Building a 100% model!
Finally my end goal :wink: All this mentioned above by Liz and myself allowed me to build a model that could predict samples family with result at least 95% every time I ran it. But my goal was to build a model which gives 100% accuracy every time.

Note: that may not be such a good idea in real life scenario as you risk overfitting but I thought it would be a good exercise just for practise.

As Liz noticed, those few misclassified samples were easy to spot when plotted on the map as they were usually placed in a cluster of points with different class. Therefore after prediction based on chromatography, I put the results through a clustering algorithm and looked for the outliers in every cluster formed. There is a good documentation of clustering algorithms on scikit-learn page if you want to read up. Basically I chose one that was supposed to be good for distances between points, defined threshold distance instead of numbers of clusters (as it wasn’t realistic to assume any number of clusters beforehand) and unlike in previous steps I used df[ ['x','y'] ] to fit it.
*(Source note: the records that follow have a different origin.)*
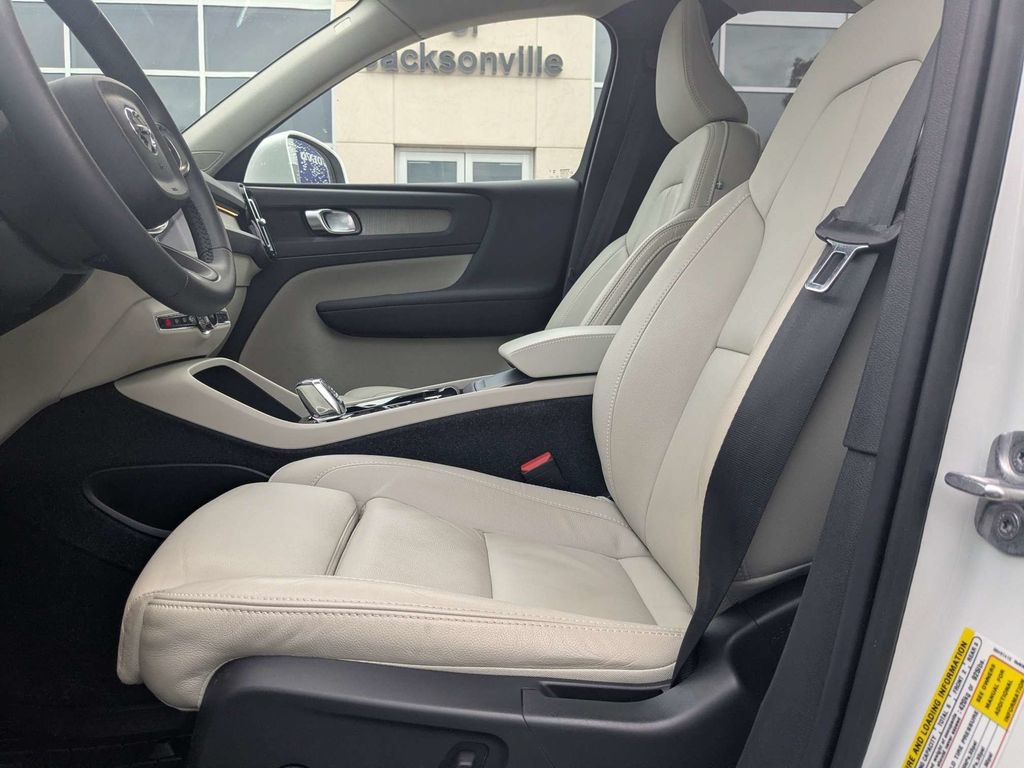Certified 2023 Volvo XC40 B5 Plus w/ Protection Package Premier AWD/4WD image 2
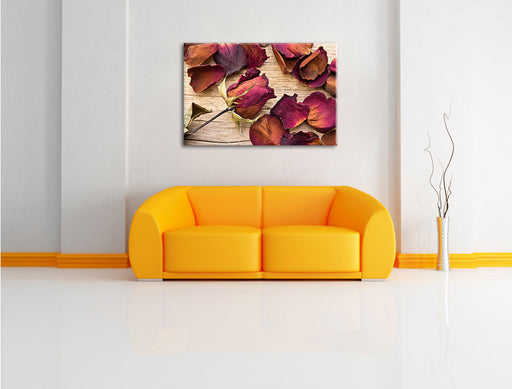 Rosen auf Holztisch Leinwandbild über Sofa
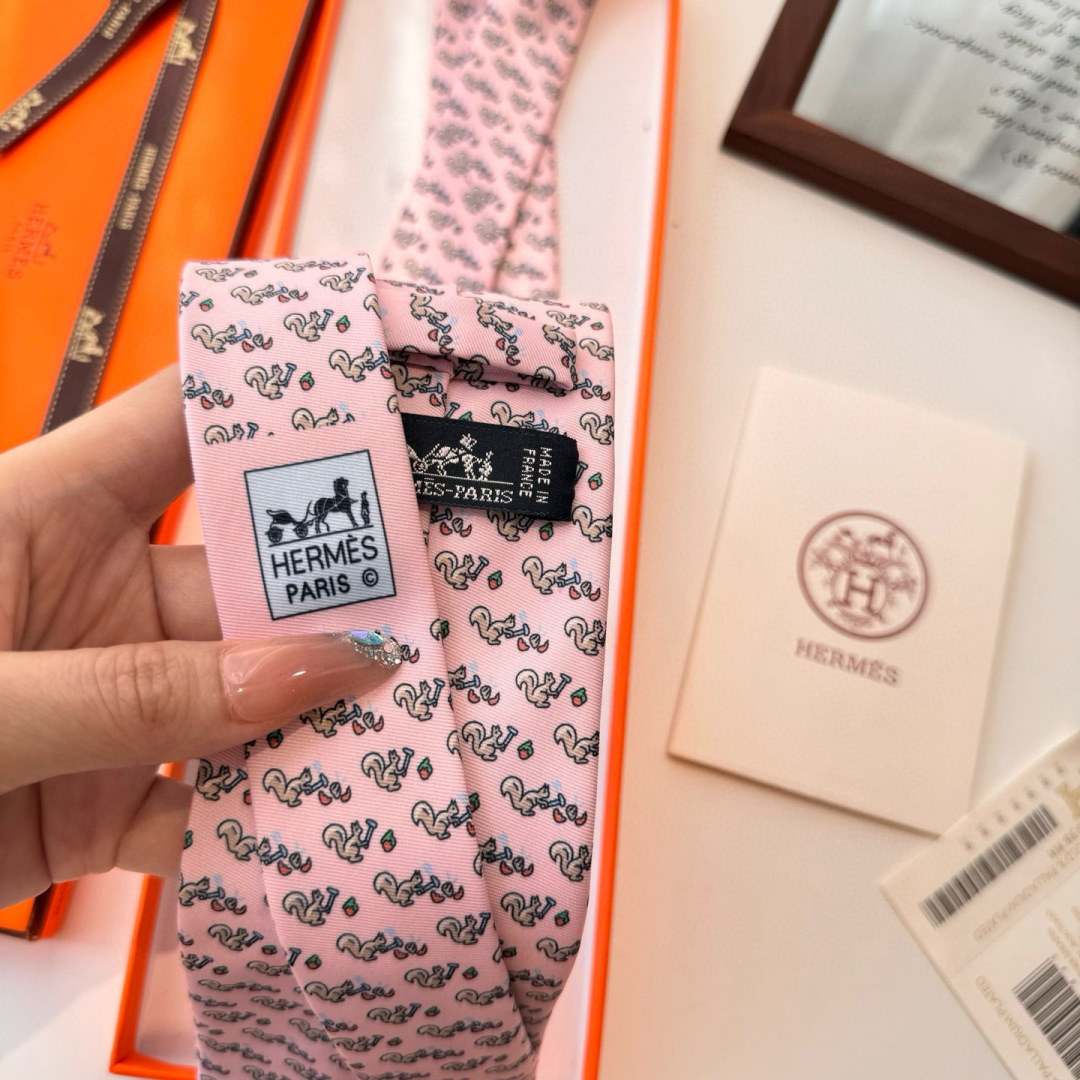 特 手工缝制斜纹真丝领带（100%桑蚕丝）。这件蕴含创意巧思的作品饰有令人惊喜的细节，佩戴这款精美领带，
After that all you have to do is to look through every cluster and if you find more than one class in it just assign the mode to all points.

And that’s it! I tried to run this model about 20 times (just by hand, not any rigorous testing, sorry) and each time I got 100% final result with preliminary results (before clustering) varying between 95 and 98%.

Hope that helps! It was a really good couple hours of fun and learning. Thank you Xeek!